--- Recorded information ---
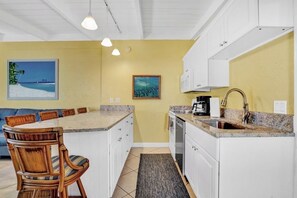 Unclassified image, 5 of 46, button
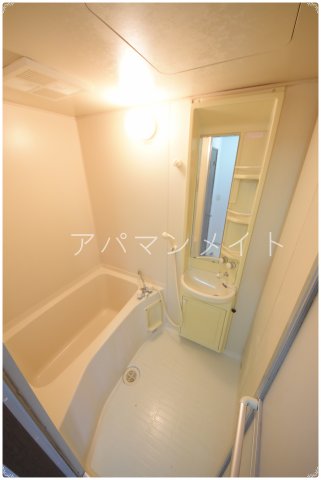 バス・シャワールーム　お風呂で日々の疲れを落としましょう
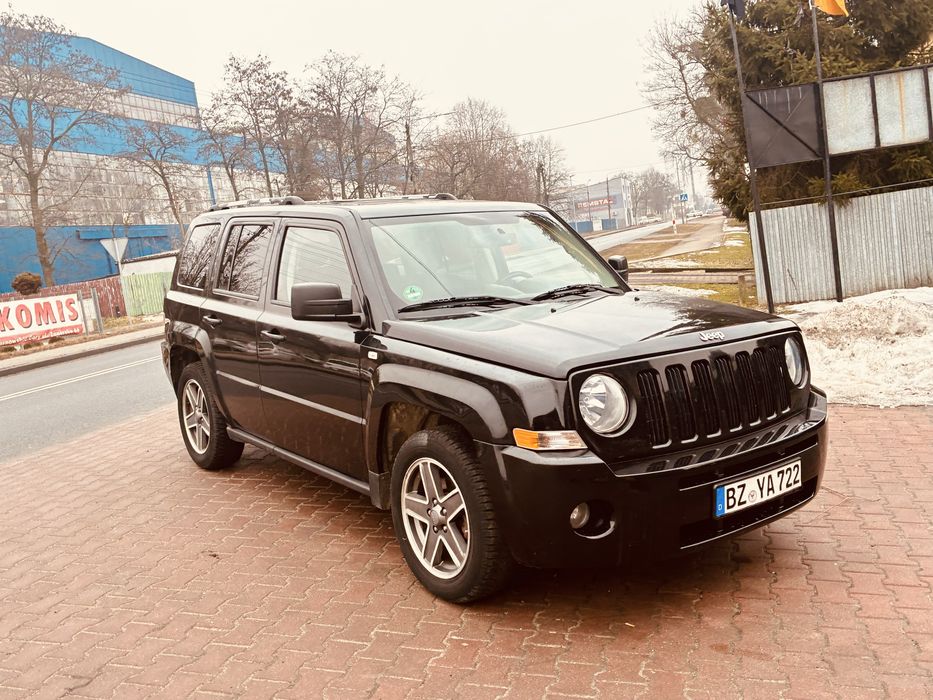 jepp patrior rok 2010 poj 2,4 AUTOMAT 4x4  przeb 106tys zadbany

--- Directions ---
Restate all the material verbatim; omit every picture.

--- Result ---
 Unclassified image, 5 of 46, button
 バス・シャワールーム　お風呂で日々の疲れを落としましょう
 jepp patrior rok 2010 poj 2,4 AUTOMAT 4x4  przeb 106tys zadbany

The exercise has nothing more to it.